# Input records
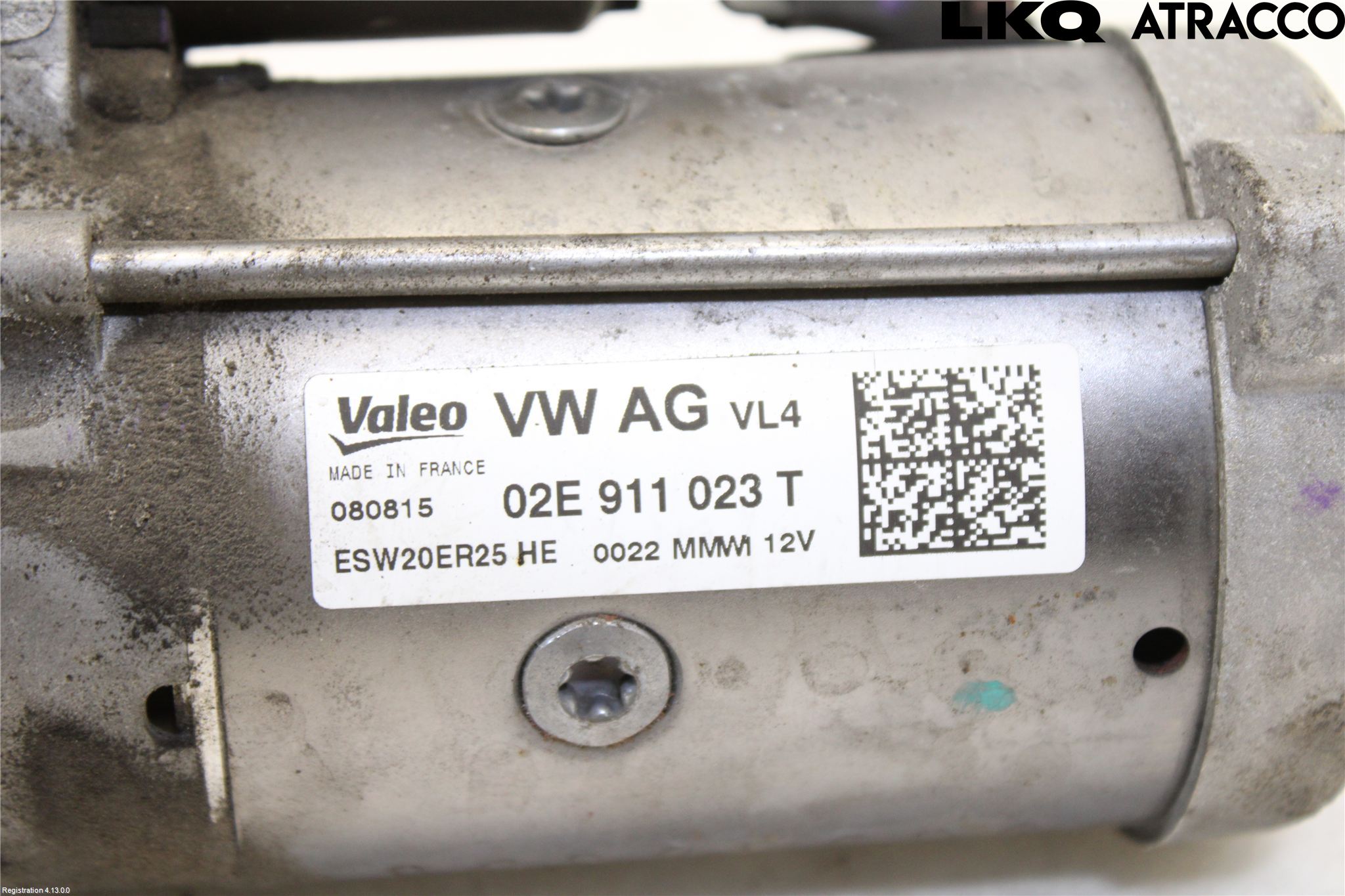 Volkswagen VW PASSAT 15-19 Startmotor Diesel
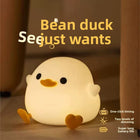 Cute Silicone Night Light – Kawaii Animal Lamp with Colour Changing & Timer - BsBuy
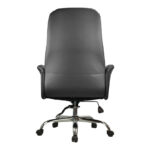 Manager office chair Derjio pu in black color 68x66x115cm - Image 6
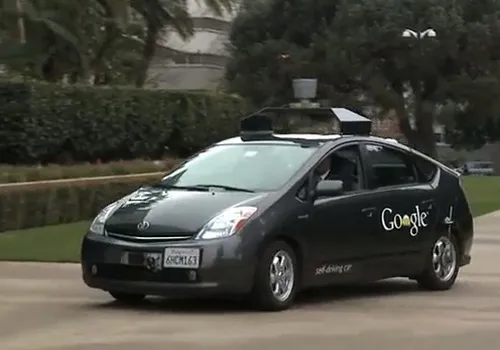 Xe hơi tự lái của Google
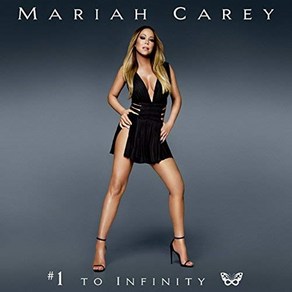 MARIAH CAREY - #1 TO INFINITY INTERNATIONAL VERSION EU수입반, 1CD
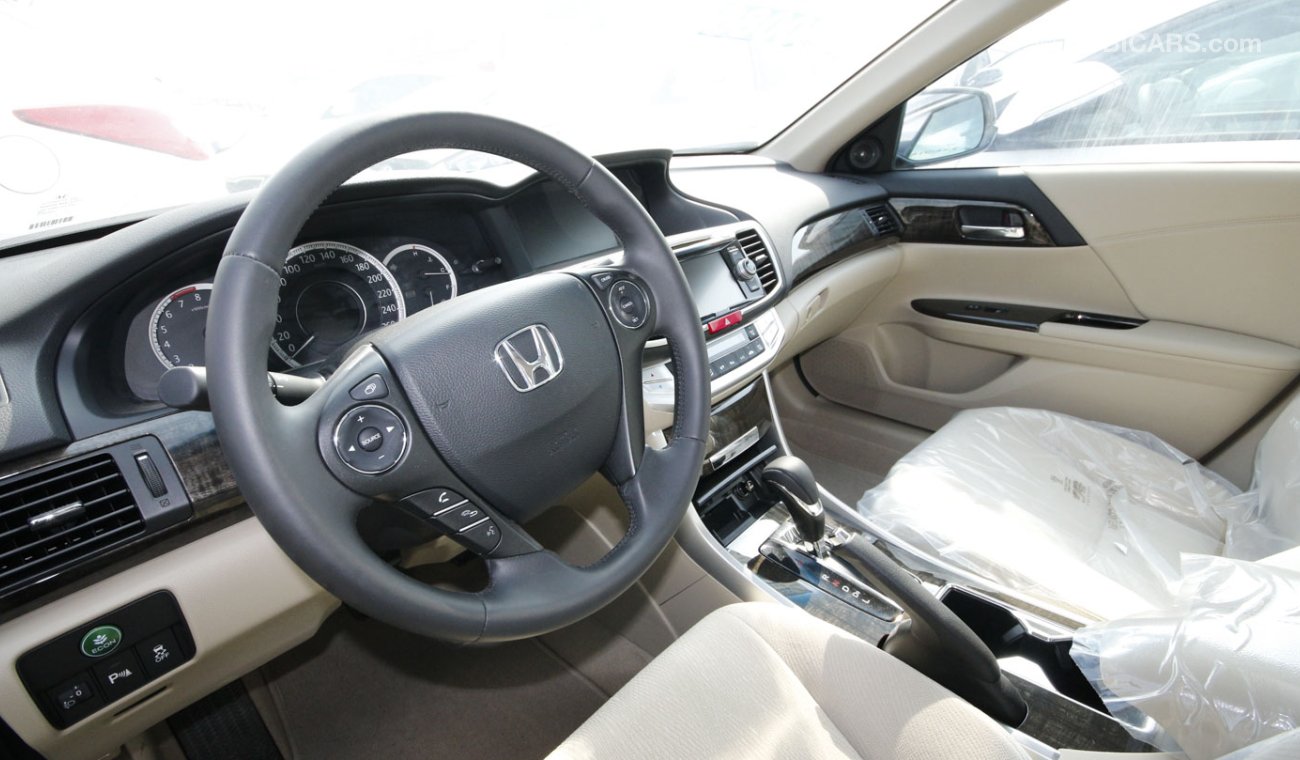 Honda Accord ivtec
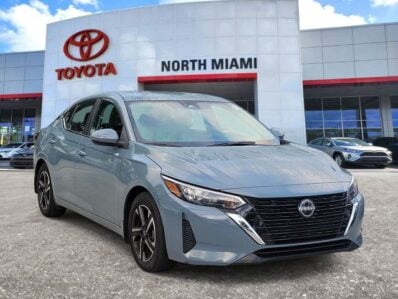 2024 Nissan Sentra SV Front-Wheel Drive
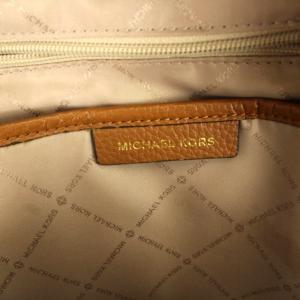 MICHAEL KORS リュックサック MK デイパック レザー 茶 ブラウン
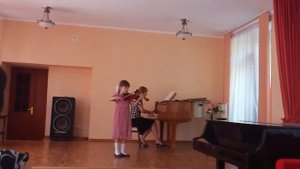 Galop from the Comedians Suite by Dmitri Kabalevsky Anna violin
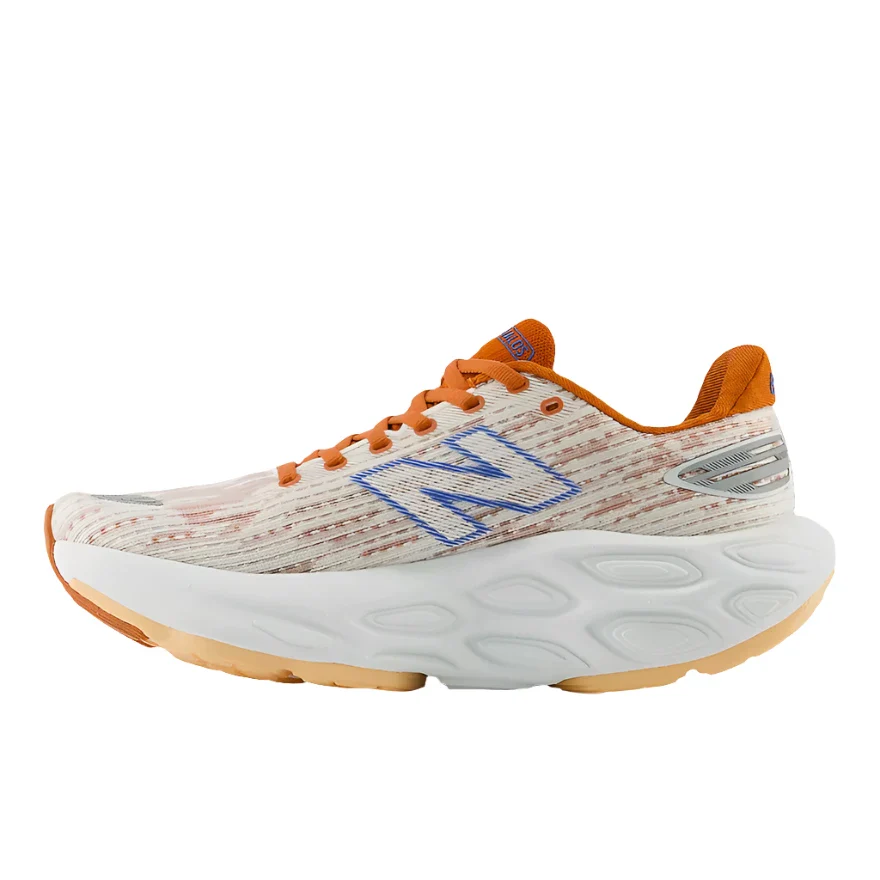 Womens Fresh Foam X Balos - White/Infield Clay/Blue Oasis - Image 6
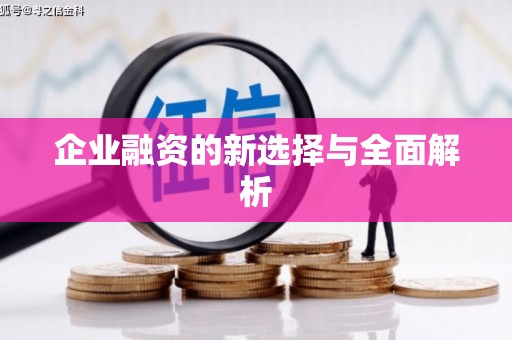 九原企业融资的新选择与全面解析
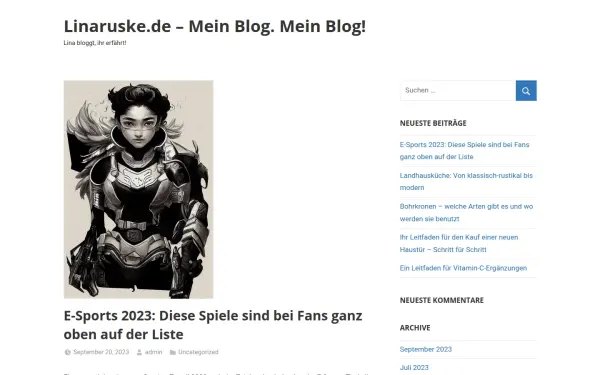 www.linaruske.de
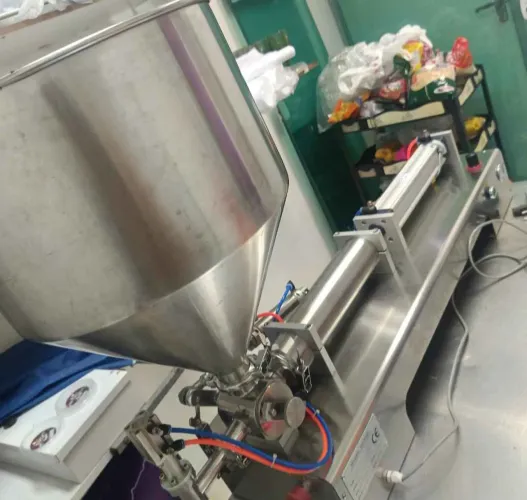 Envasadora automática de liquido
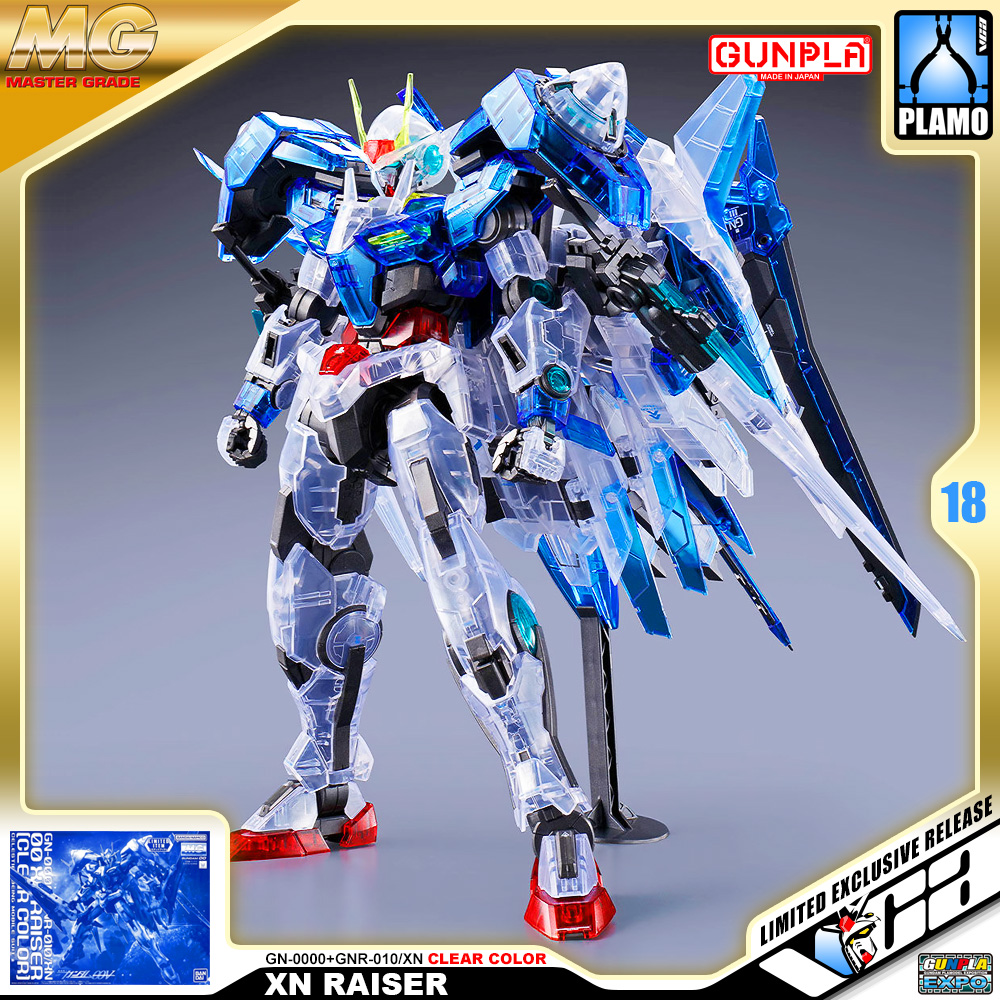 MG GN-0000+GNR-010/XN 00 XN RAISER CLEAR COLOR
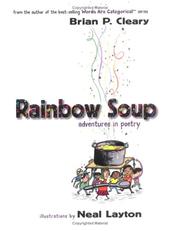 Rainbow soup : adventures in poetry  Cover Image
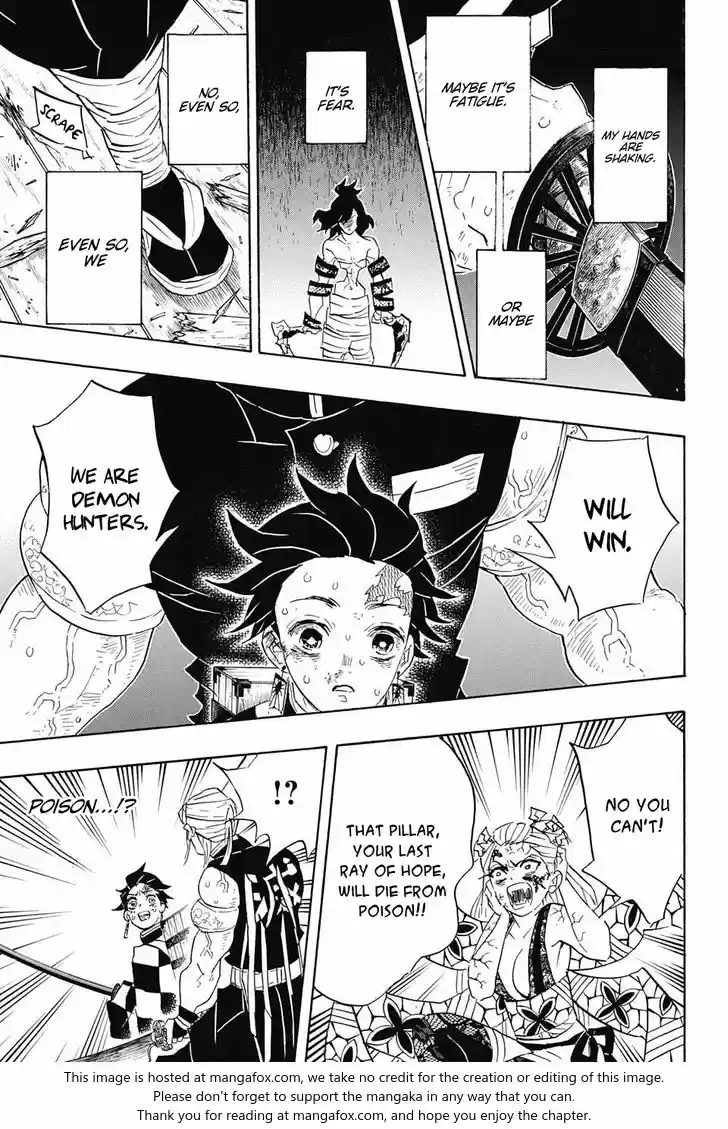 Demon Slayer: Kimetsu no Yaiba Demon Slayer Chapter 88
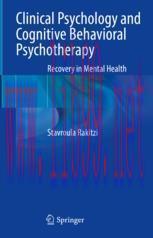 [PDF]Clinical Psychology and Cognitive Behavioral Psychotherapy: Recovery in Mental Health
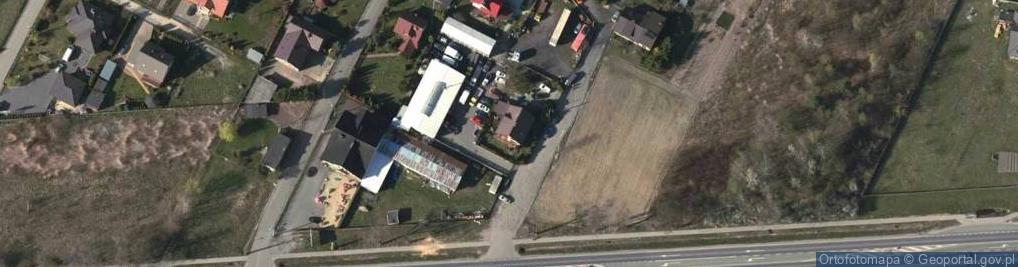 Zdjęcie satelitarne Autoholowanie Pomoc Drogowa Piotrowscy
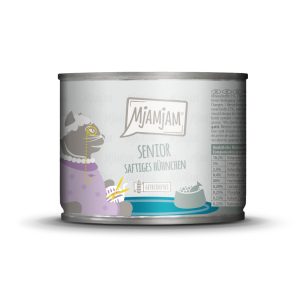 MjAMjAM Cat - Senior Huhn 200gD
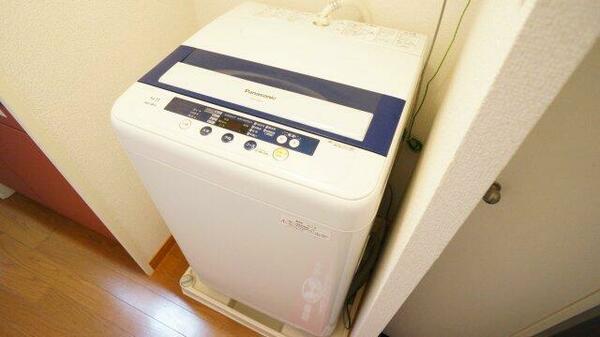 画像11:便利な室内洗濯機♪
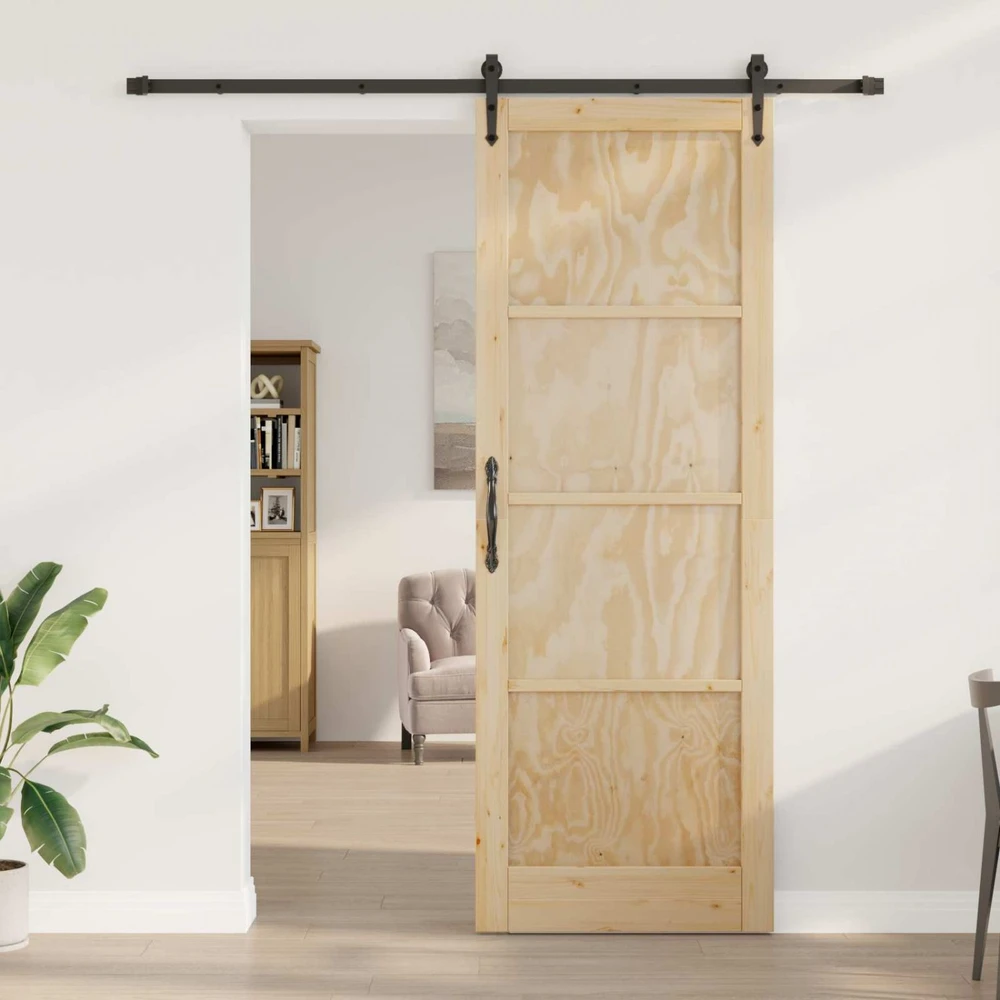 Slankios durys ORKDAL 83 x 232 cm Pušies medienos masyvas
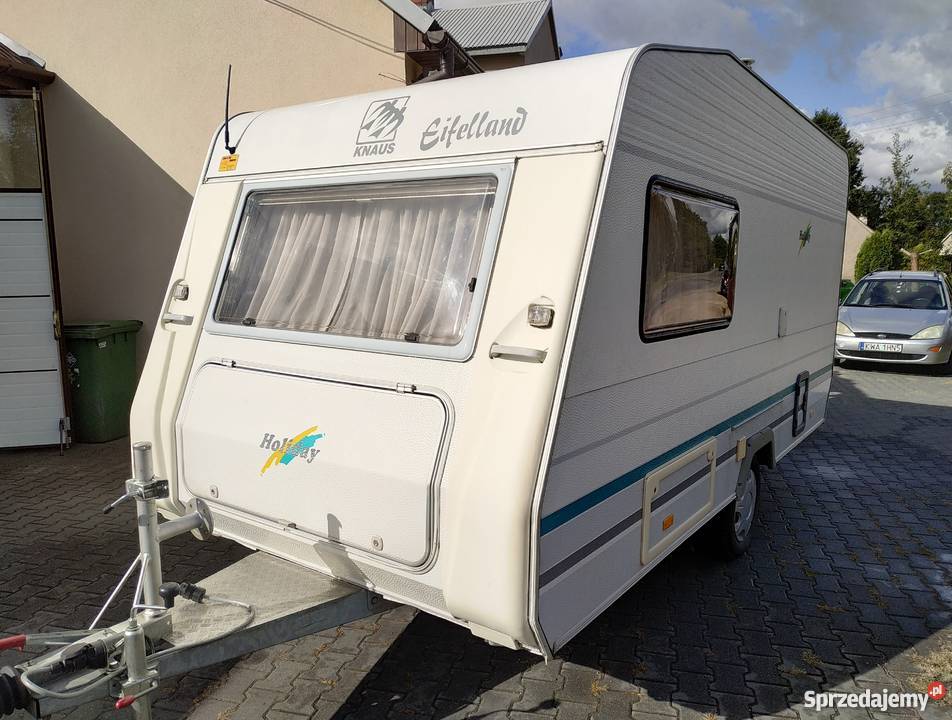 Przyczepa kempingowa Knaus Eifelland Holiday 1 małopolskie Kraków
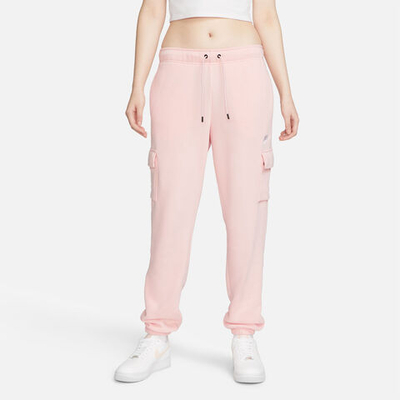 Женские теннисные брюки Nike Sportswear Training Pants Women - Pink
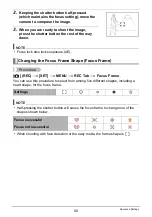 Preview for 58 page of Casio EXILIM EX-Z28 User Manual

# What is expected
Write the lines out word for word, starting at the one with "Rainbow soup : adventures" and stopping after the last line of the material above, with pictures excluded.

# Result below
 Rainbow soup : adventures in poetry  Cover Image
 Demon Slayer: Kimetsu no Yaiba Demon Slayer Chapter 88
 [PDF]Clinical Psychology and Cognitive Behavioral Psychotherapy: Recovery in Mental Health
 Zdjęcie satelitarne Autoholowanie Pomoc Drogowa Piotrowscy
 MjAMjAM Cat - Senior Huhn 200gD
 画像11:便利な室内洗濯機♪
 Slankios durys ORKDAL 83 x 232 cm Pušies medienos masyvas
 Przyczepa kempingowa Knaus Eifelland Holiday 1 małopolskie Kraków
 Женские теннисные брюки Nike Sportswear Training Pants Women - Pink
 Preview for 58 page of Casio EXILIM EX-Z28 User Manual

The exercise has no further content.